Generic Kaufen Apothekecialis vs viagraErektile dysfunktion medikamenteErektile dysfunktionViagra - Cialis generika
Album Reviews, News

VICTORY – Gods of tomorrow

victory-gods-of-tomorrow

NEWS/ALBUMREVIEW

Genre: Hard Rock/traditioneller Metal

VÖ: 26.11.2021

Die Hard Rock Legenden VICTORY melden sich nach 10 langen Jahren mit einem brandneuem Album zurück! „Gods Of Tomorrow“ erscheint am 26. November über AFM Records.
Die 1984 gegründete Band zählt bis heute zu einem der prägendsten Heavy Rock Acts an der internationalen Speerspitze ihres Genres. Gemeinsam mit den Scorpions, Accept und Halloween sind sie eine der erfolgreichsten deutschen Bands, spielten weltweit unzählige Arenen und Festival Shows, und veröffentlichten neben Live Alben und Compilations 10 Studio Alben, welche mehrfach die Album Charts stürmten. Diverser Neubesetzungen und jahrelangem Pausieren der Band zum Trotze, gab Gitarrist Herman Frank, welcher jahrelang ebenfalls Mitglied bei Accept war, seine Herzens- Band nie ganz auf. Zehn Jahre seit Veröffentlichung ihres letzten Albums, Don’t Talk Science, welches das letzte Album des Original VICTORY Line- Ups war, kehrt Frank samt neuer Besatzung am V- Bord zurück. Gemeinsam mit Ausnahme- Sänger Gianni Pontillo, Gitarrist Mike Pesin, Malte Frederik Burkert am Bass und Schlagzeuger Michael Stein, präsentieren sich VICTORY auf „Gods Of Tomorrow“ taufrisch und laufen zu absoluter Höchstform auf!

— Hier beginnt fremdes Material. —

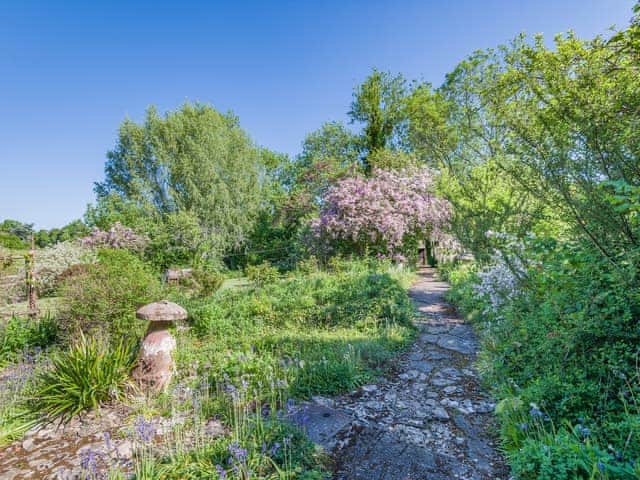 Garden | Glebe Cottage, Callow End, Worcester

VICTORY beweisen, sie können alles sein, die Götter von heute als auch von morgen: 13 glühend- heisse Rock Eisen erwarten dich in der neuesten VICTORY Schmiede, ungeahnte Power trifft auf messerscharfe Hard Rock Hymnen!
„Eine unendlich aufregende und turbulente Reise legt einen Zwischenstopp mit dem neuen Victory Album „ Gods Of Tomorrow“ ein,“ verrät uns Gitarren Mastermind Herman Frank. „Die ganze Geschichte ist aber noch lange nicht erzählt…“


Worte, die jedes Fan- Herz höher schlagen lassen, denn die seit mehr als 3 Jahrzehnten eindrucksvolle Laufbahn von VICTORY scheint sich erfreulicherweise noch nicht dem Ende zu neigen. Vielmehr wird die Band mit „Gods Of Tomorrow“ ihren Tron an der Spitze der besten Rock Bands aller Zeiten mit Leichtigkeit verteidigen können.

Review: Mit dem Bonus- Track sind es in Summe 14 edle Stücke die Altmeister Frank in dem neuen Package Names „Gods of Tomorrow“ zaubert. Naja, eigentlich sind es ja „nur“ 13, da der Opener letztendlich ein kurzes Intro wiedergibt. Ich muss ganz ehrlich sein – Ursprünglich hatte ich nicht die Absicht dieses Review zu Schreiben, jedoch schnupperte ich aus Neugier kurz mal rein. Nach ca. 30 Sekunden bescherte mir der inoffizielle Opener „Love & Hate“ eine Gänsehaut, da dieser typische rotzige Hardrock Track alles Andere als langweilig ist. Nun war es geschehen – das Album schreit nach Aufmerksamkeit und muss durchgeforstet werden.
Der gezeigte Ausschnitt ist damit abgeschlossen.